> [EXERCISE BRIEF]: In the records below, find the line that contains "Corneliani Blue single-breasted" and the line that contains "Neon Waterverf cirkel"; write out exactly those two lines and everything between them, without the pictures.

> [RECORDS]:
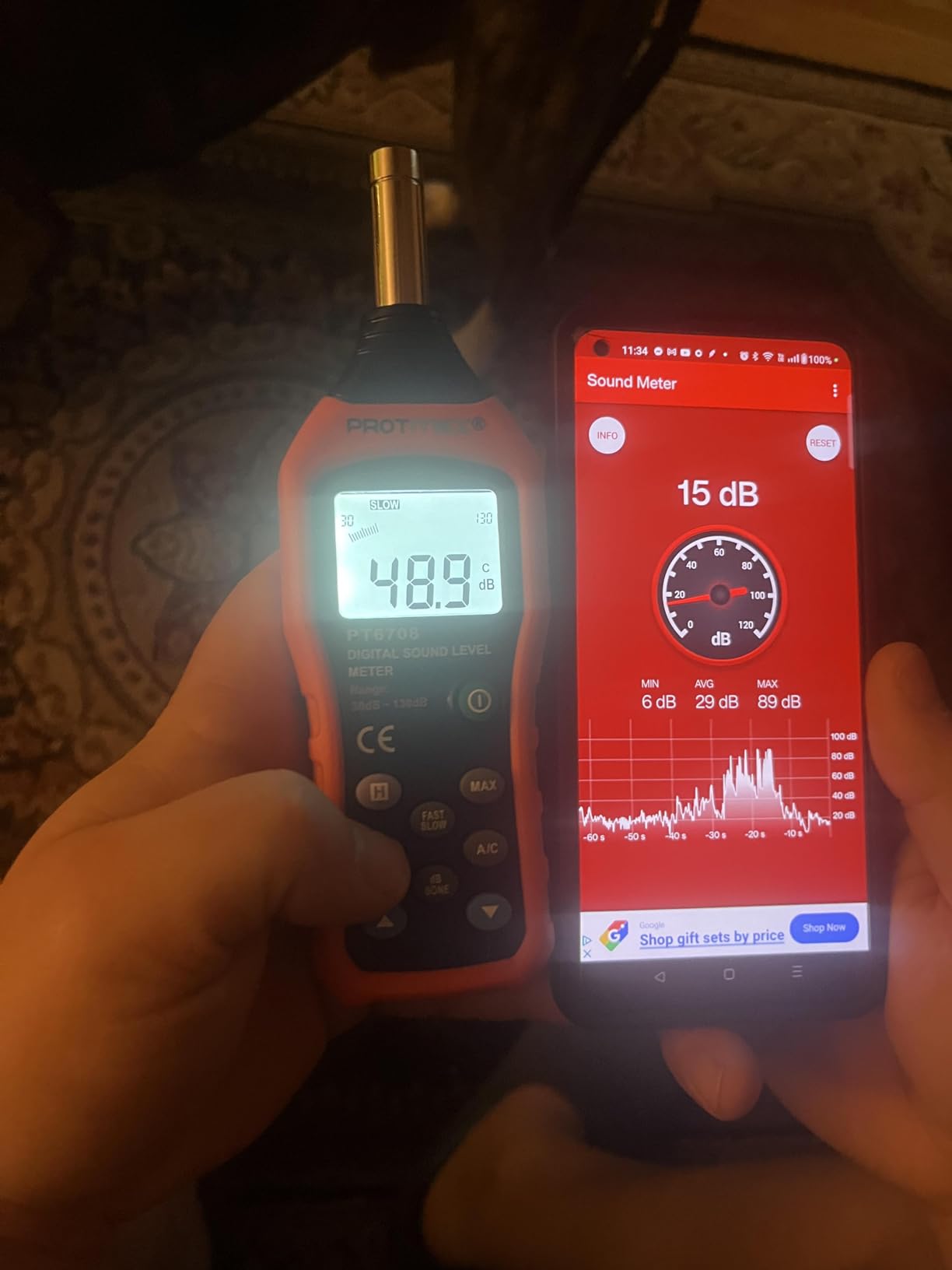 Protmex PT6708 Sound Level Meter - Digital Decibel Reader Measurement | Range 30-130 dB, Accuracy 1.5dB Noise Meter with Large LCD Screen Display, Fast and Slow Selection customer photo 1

--

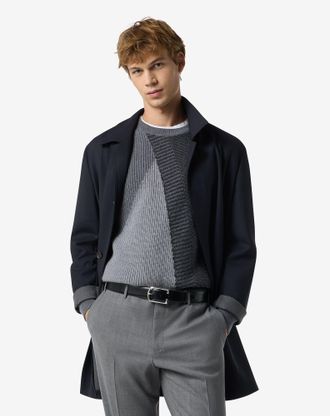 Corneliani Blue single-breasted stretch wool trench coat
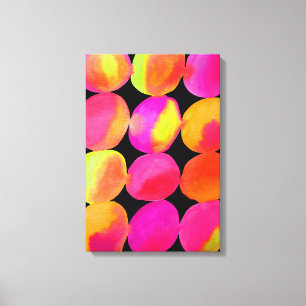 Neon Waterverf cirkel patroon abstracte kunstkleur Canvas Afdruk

> [ANSWER TO THE EXERCISE]:
 Corneliani Blue single-breasted stretch wool trench coat
 Neon Waterverf cirkel patroon abstracte kunstkleur Canvas Afdruk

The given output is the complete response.